== EXERCISE ==
Here the job is to repeat the listing exactly, but not the pictures in it.

== INFORMATION SUPPLIED ==
※ ※ ※

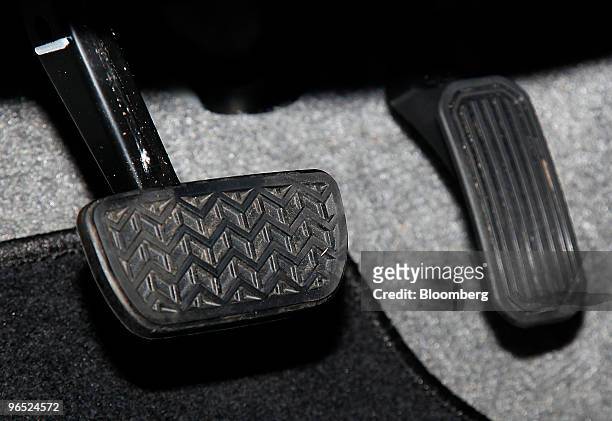 The brake and accelerator pedals of a third-generation Toyota Prius automobile are seen at a dealership in Berlin, Germany, on Tuesday, Feb. 9, 2010....
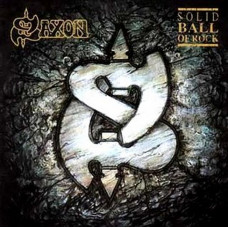 Вінілова платівка Saxon – Solid Ball Of Rock (LP, Album, Limited Edition, Numbered, Reissue, Gold Vinyl)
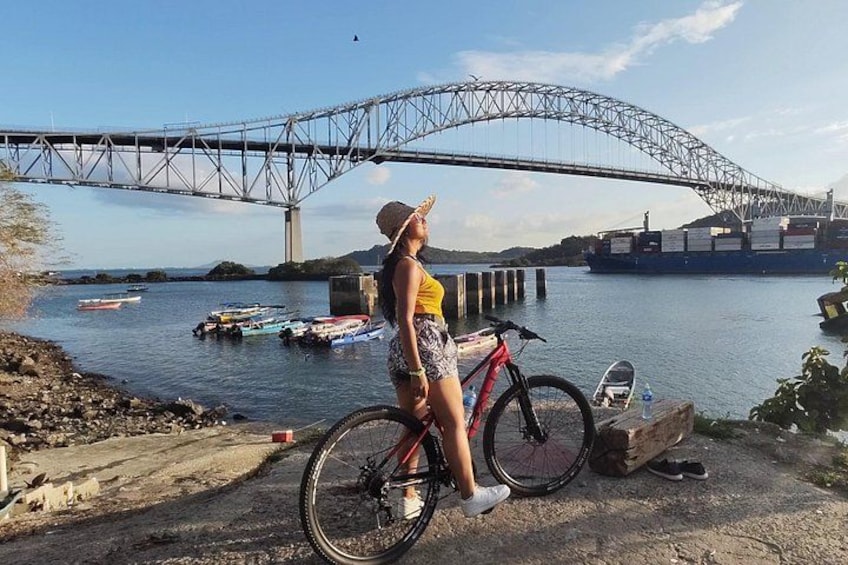 Une personne se tient à côté d’un vélo, près d’une rivière, avec un pont en arrière-plan. 1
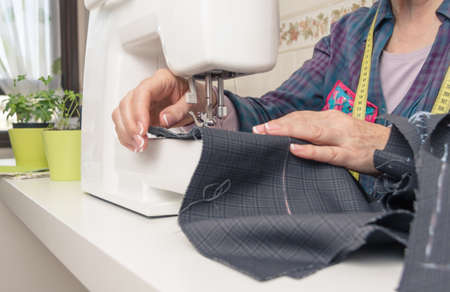 Senior seamstress woman working with clothing item on a sewing machineの写真素材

※ ※ ※

== FINISHED TASK ==
 The brake and accelerator pedals of a third-generation Toyota Prius automobile are seen at a dealership in Berlin, Germany, on Tuesday, Feb. 9, 2010....
 Вінілова платівка Saxon – Solid Ball Of Rock (LP, Album, Limited Edition, Numbered, Reissue, Gold Vinyl)
 Une personne se tient à côté d’un vélo, près d’une rivière, avec un pont en arrière-plan. 1
 Senior seamstress woman working with clothing item on a sewing machineの写真素材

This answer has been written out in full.